Canada election decision unclear for Halifax woman who rotates lawn signs

A Halifax woman has a creative solution for a conundrum facing thousands of voters across the country — she hasn't decided who to support in the federal election, so she's switching the signs on her lawn every two days until she makes a choice.

Jane Davis rotating signs between local Liberal and NDP candidates

Jane Davis is rotating her lawn signs every two days between the local Liberal and NDP candidates because she hasn't decided who to support in the upcoming federal election. (Mary Lynk/CBC)

A Halifax woman has a creative solution for a conundrum facing thousands of voters across the country — she hasn't decided who to support in the federal election, so she's switching the signs on her lawn every couple of days until she makes a choice.

Jane Davis is rotating her lawn signs between the local Liberal and NDP candidates.

"I'm going to put it right here, so everyone can see it and they're going to say, 'OK, Jane's voting NDP,'" she said.

"But then, two days from now, they're going to see a Liberal sign here and they're going to say, 'What's going on? I thought Jane was voting NDP?'"

Davis says like many in the country, she's torn between parties for the federal election on Oct. 19.

It's still anybody's race. According to a recent Nanos survey, the NDP are at 32.7 per cent, the Liberals at 30.8 per cent and the Conservatives at 26.2 per cent. A month ago, Nanos had the Conservatives five points higher and leading the pack.

One caveat on the Nanos poll is that it was taken in the evenings of Sept. 4, 5 and 6, a long weekend when many Canadians may have been on holiday.

The poll was commissioned by CTV News and the Globe and Mail newspaper and used live agents to phone 1,200 respondents. It has a margin of error of 2.8 percentage points, 19 times out of 20.

'This is my little joke'

​"It's a real battle in my mind," said Davis, who added she believes New Democratic Party Leader Tom Mulcair is a "very tough, smart guy" with his "heart in the right place."

"I started to lean NDP and then, after the debate, I was very pleased with how [Liberal Party Leader Justin] Trudeau stood up to them. Still, there wasn't a lot of choice … until Trudeau came up with his deficit spending stimulus program."

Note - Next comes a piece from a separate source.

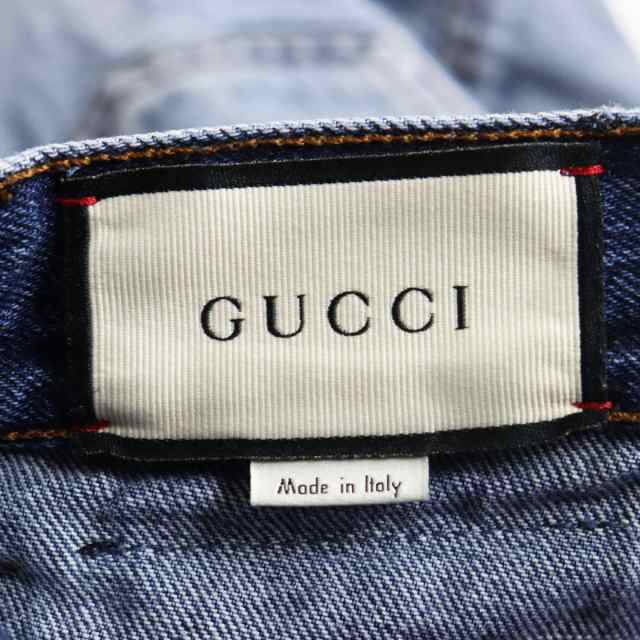 【ドンドン見直し】美品●GUCCI グッチ 408637 GG刺繍 ウォッシュ加工 テーパードデニムパンツ/ジーンズ インディゴブルー 34 伊製  正規｜au PAY マーケット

Davis is not optimistic about the Conservative Party's chances. 

"The Conservatives, for me, are not even a possibility, not even a one out of 1,000 per cent. I wouldn't vote Conservative," she said.

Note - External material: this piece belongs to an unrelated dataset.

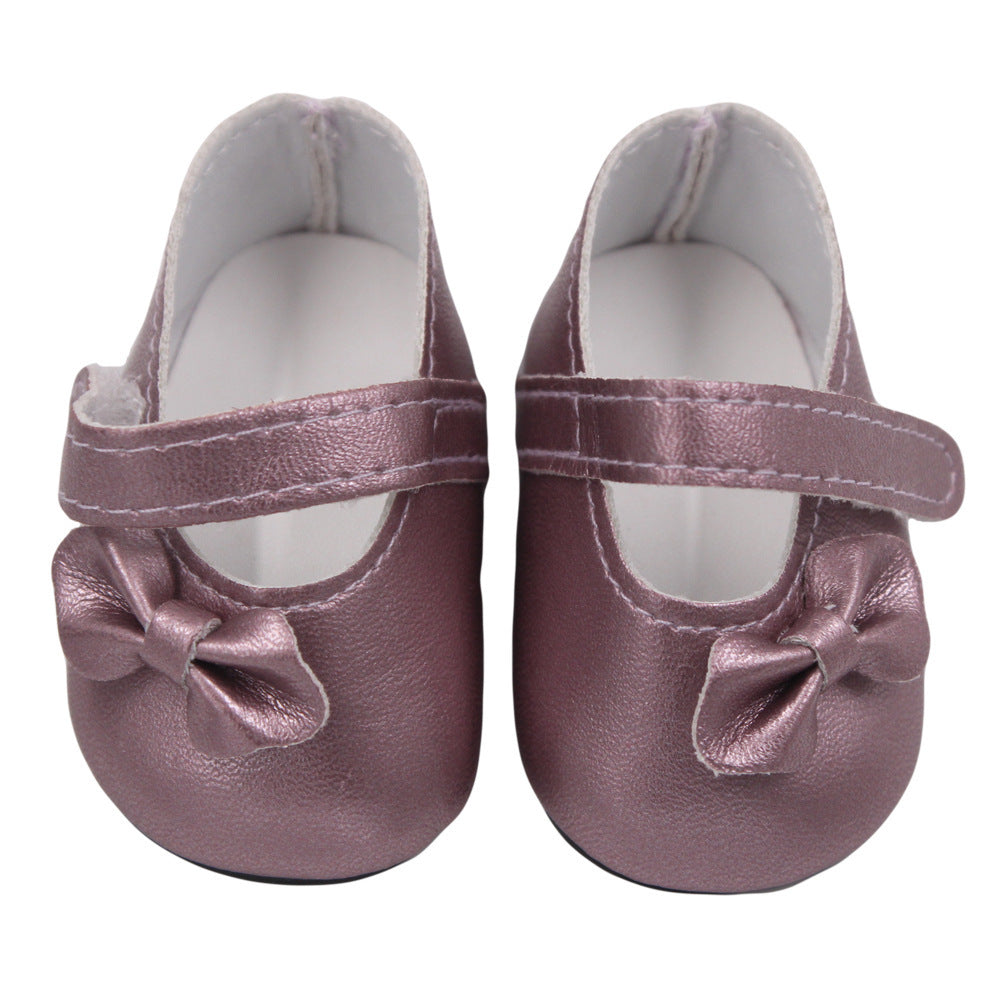 18 Inch American Girl Doll Shoes Solid Color Bow Shoes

There are four candidates in Davis's Halifax riding. New Democrat Megan Leslie is the incumbent and the Liberals have nominated urban planner Andy Fillmore.

The Conservatives have tapped Irvine Carvery, a former chair of the Halifax Regional School Board who ran for the provincial Progressive Conservatives in Halifax Armdale in 2013. The Greens nominated Thomas Trappenberg, a computer science professor at Dalhousie University.

Davis is leaning toward one candidate, but won't reveal which one. The first sign she put up this week was Leslie's.

​"This is my little joke because everybody's going back and forth, back and forth and I just think everyone would get a chuckle over this," she said.